Professor John Mearsheimer addressed the Mackinder Forum on July 11, 2021, 1:30-3:00 p.m. Eastern US time on "The New Sino-American Cold War versus The Old US-Soviet Cold War."
ABSTRACT: The aim of this talk is to consider the similarities and differences between the US-Soviet rivalry (1947-1989) and the burgeoning Sino-American rivalry. Both competitions were driven by balance-of-power politics, not ideology, and in each instance the United States was focused on preventing its rival from establishing regional hegemony. China, however, is likely to be a more formidable adversary than the Soviet Union, and the likelihood of a hot war is more likely with China than it was with the Soviets during the first Cold War.
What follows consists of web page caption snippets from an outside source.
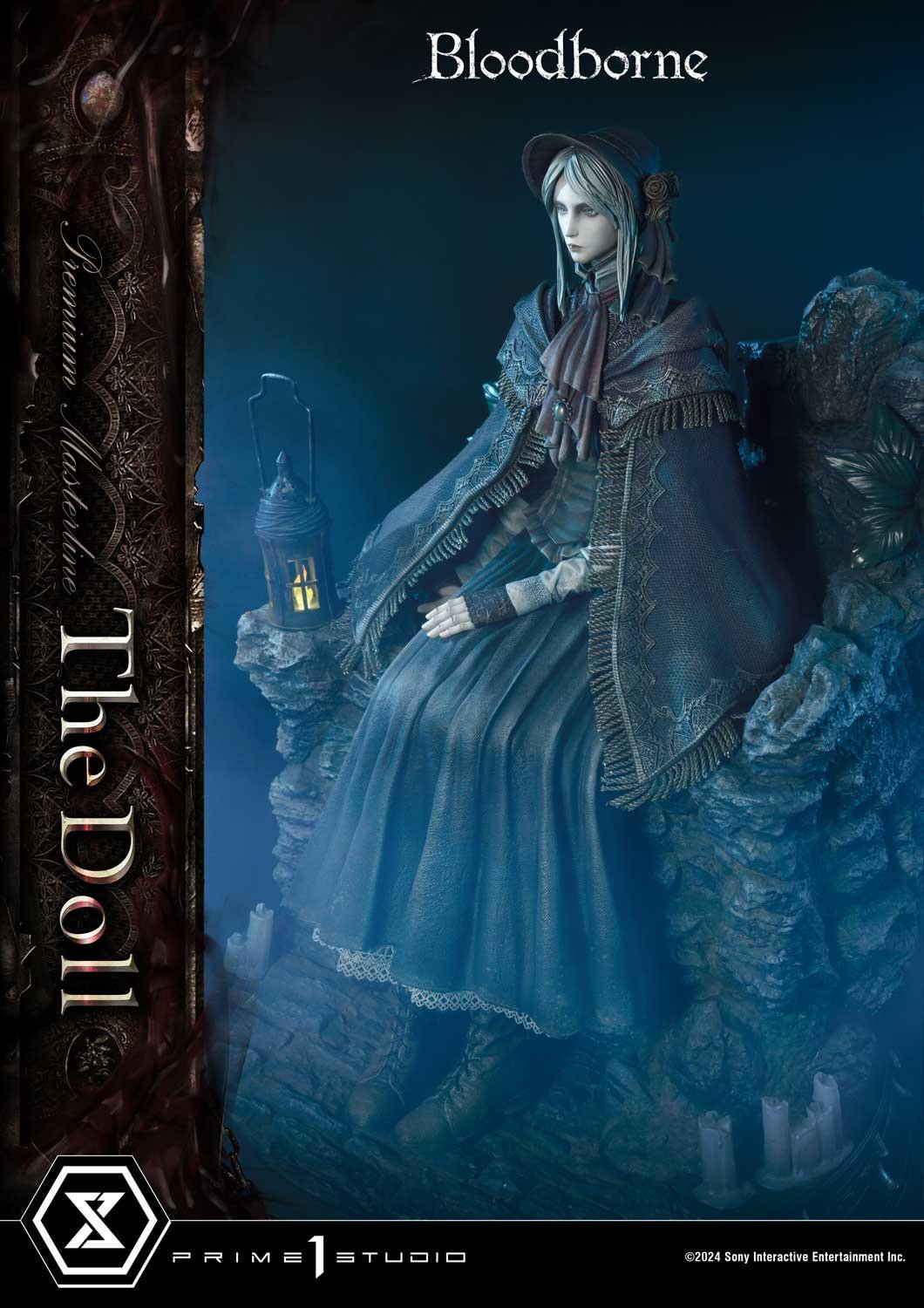 Bloodborne - Ningyou - Ultimate Premium Masterline  (UPMBB-04) - 1/4 (Prime 1 Studio) photo 51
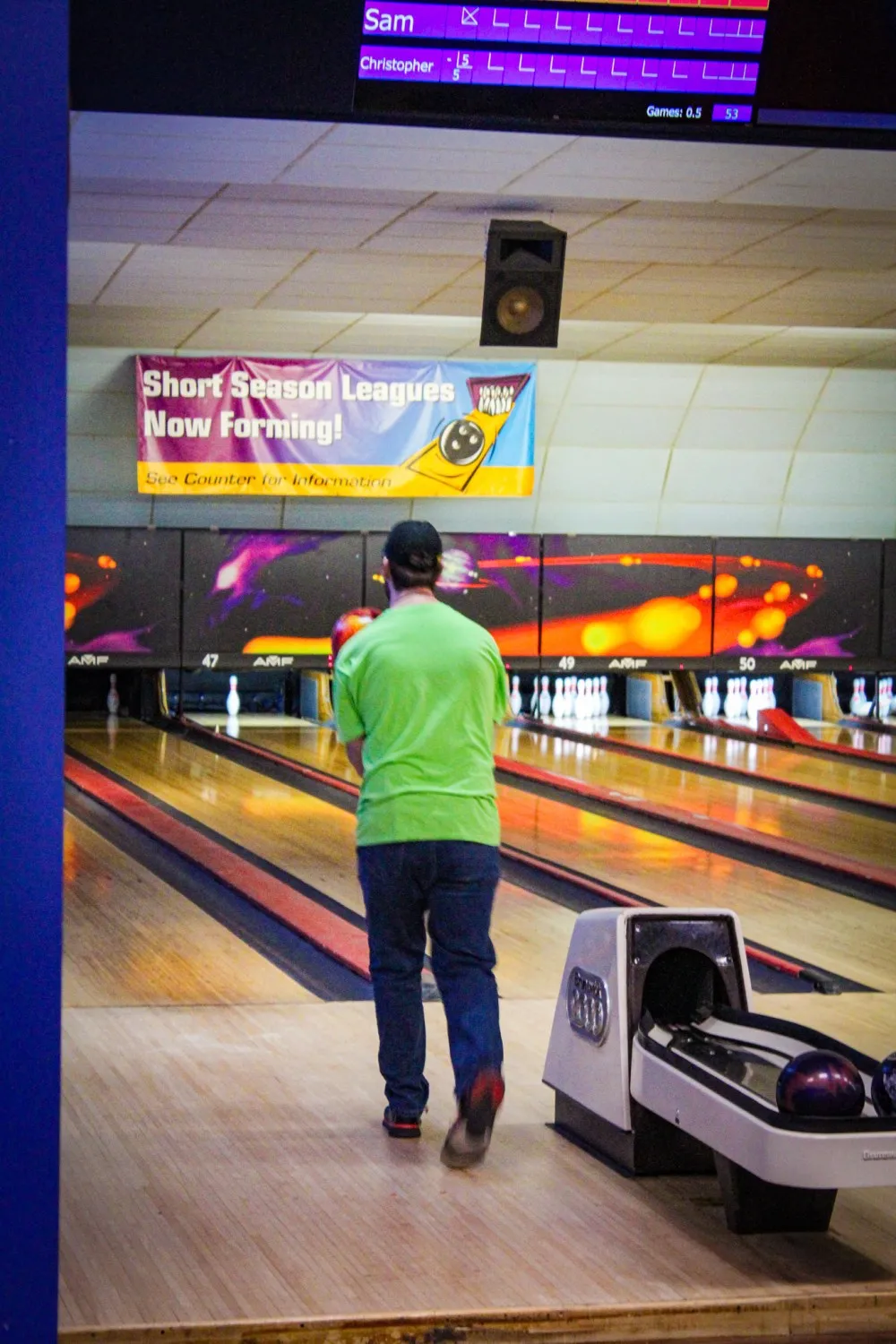 Bowling Fundraiser — photo 30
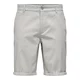 Only & Sons Chino hlače Peter Dobby, siva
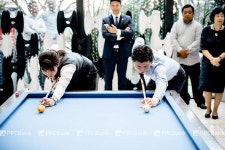 Carom star in Korea now the face of Cambodian bank - The Korea Times Carom star in Korea now the face of Cambodian bank 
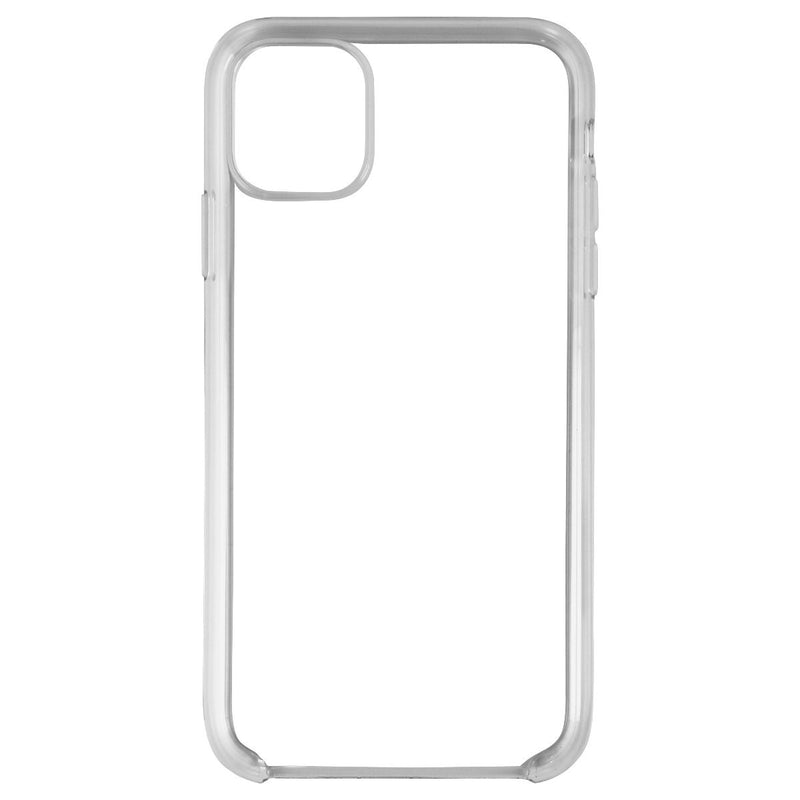 Smooth & Slim Hardshell Case for Apple iPhone 11 - Clear - Unbranded - Simple Cell Shop, Free shipping from Maryland!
Biography: John J. Mearsheimer is the R. Wendell Harrison Distinguished Service Professor of Political Science at the University of Chicago, where he has taught since 1982. He graduated from West Point (1970), has a PhD in political science from Cornell University (1981), and has written extensively about security issues and international politics. Among his six books, The Tragedy of Great Power Politics (2001, 2014) won the Joseph Lepgold Book Prize; and The Israel Lobby and U.S. Foreign Policy (with Stephen M. Walt, 2007), made the New York Times bestseller list and has been translated into twenty-four languages. His latest book is The Great Delusion: Liberal Ideals and International Realities (2018), which won the 2019 Best Book of the Year Award from the Valdai Discussion Conference, Moscow. He has written numerous articles and op-eds that have appeared in International Security, London Review of Books, Foreign Affairs, The Financial Times, and The New York Times. In 2003, he was elected to the American Academy of Arts and Sciences, and in 2020, he won the James Madison Award, which is given once every three years by the American Political Science Association to “an American political scientist who has made a distinguished scholarly contribution to political science.”
Readings: The main reading was drawn from chapter 10 ("Can China Rise Peacefully") of the revised version of Professor Mearsheimer's Tragedy of Great Powers (2014), pp. 360-411.